Gear is also pleased to announce that the lenders under Gear's
syndicated credit facilities have completed the most recent
borrowing base redetermination with the combined total capacity
essentially unchanged at $70
million. The maturity date of the credit facilities
has been extended to May 27, 2022 and
Export Development Canada ("EDC") has been added to the syndicate
of lenders.
In addition, Gear has terminated the previously disclosed
strategic alternative process.
2021 BUDGET DETAILS
- $15.8 million focused on drilling
18 locations (17.5 net) including 14 Lloydminster area heavy oil wells, three
Provost medium oil wells, and 1 gross (0.5 net) Southeast Saskatchewan light oil well
- $2.0 million invested in
continued waterflood expansions, recompletions, workovers and field
facility projects
- $1.1 million directed to
abandonment and reclamation activities (to be combined with a
minimum of an additional $1.1 million
of Federal Government funding)
- $1.1 million towards land,
seismic and other corporate costs
The budget is forecast to deliver the following results:
|
2021
Guidance
|
Annual Production
(boe/d)
|
5,400 –
5,500
|
Heavy Oil Weighting
(%)
|
55
|
Light/Medium Oil
& NGL Weighting (%)
|
33
|
Royalties
(%)
|
11
|
Operating plus
Transportation Costs ($/boe)
|
18.00
|
General and
Administrative Costs ($/boe)
|
2.15
|
Cash Interest Costs
($/boe)
|
1.50
|
Capital and
Abandonment Expenditures ($ million)
|
20
|
The 2021 budget was modelled with a price forecast of WTI
US$45/bbl, WCS differential of
US$14/bbl, MSW and LSB differentials
of US$5/bbl, AECO gas price of
C$2.25/GJ and a foreign exchange of
US$0.78/CDN$1.00. Under these assumptions, Gear is
forecast to deliver:
- Stabilized annual production of 5,400 to 5,500 boe per day with
55 per cent of the production from heavy oil and 33 per cent of the
production from light/medium oil and NGLs
- Funds from Operations that exceed the $20 million capital budget, with excess funds
from operations expected to further reduce debt and contribute to
Gear's strong balance sheet
- Continued improvement of Gear's environmental footprint with
planned well abandonments along with multiple lease and facility
reclamations.
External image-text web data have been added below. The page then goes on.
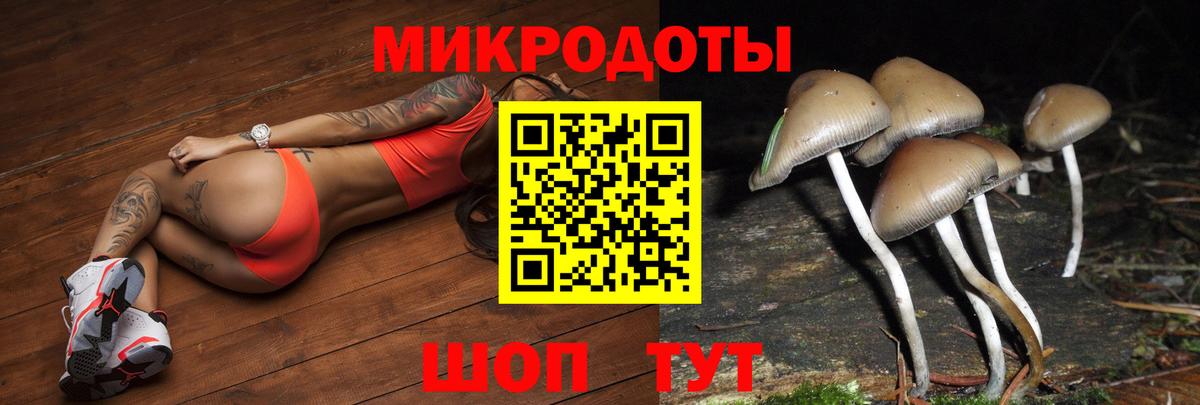Псилоцибиновые грибы Psilocybe Чистополь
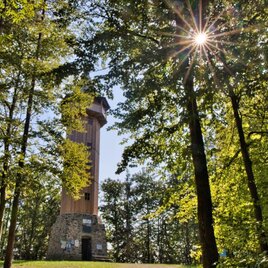 Ein Aussichtsturm umgeben von Bäumen im Wald. Die Sonne strahlt durch das Blätterdach und sorgt für ein angenehmes Licht. | © Weges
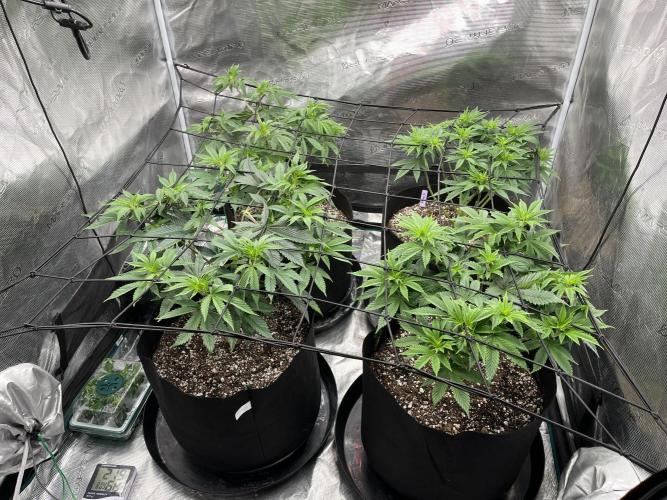 Insane OG and Dosido 33. Week 8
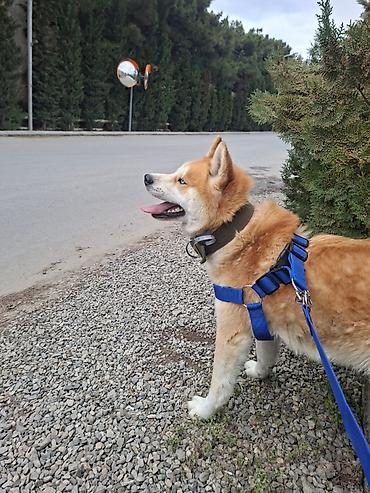 Akita-inu, 1 il, Erkək, Peyvəndli, Ödənişli çatdırılma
To date, Gear has confirmed government grant funding
of $2.2 million and expects to
participate in additional grant funding in 2021 under the Federal
Site Rehabilitation Program as managed by various provincial
governments
In the event that commodity prices in 2021 exceed the estimated
levels, the Gear team would look to balance the incremental funds
from operations between further balance sheet enhancement and
accelerated development of the extensive inventory of core area
drilling and waterflood opportunities.
CREDIT FACILITIES UPDATE
Gear has received approval for the extension of its syndicated
credit facilities maturity date to May 27,
2022 with a borrowing base of $70
million. Similar to the previous renewal, the borrowing base
will be reduced by successive $5
million increments on both December
31, 2020 and March 31, 2021.
Gear expects to exit 2020 with approximately $50 million in bank debt and anticipates that the
Company will have ample liquidity to execute on the proposed 2021
budget. In addition, Gear would like to welcome EDC to its lending
syndicate. The next semi-annual borrowing base redetermination is
scheduled for May 31, 2021.
STRATEGIC PROCESS UPDATE
In August 2020, Gear announced
that it had engaged a financial advisor to consider a number of
possible strategic alterative transactions to improve liquidity,
provide additional flexibility, and enhance shareholder value.
Although the Gear team will continue to proactively evaluate any
strategic opportunities to enhance shareholder value beyond
traditional organic development, the formal process has now been
concluded.
Forward-looking Information and Statements
This press release contains certain forward-looking information
and statements within the meaning of applicable securities laws.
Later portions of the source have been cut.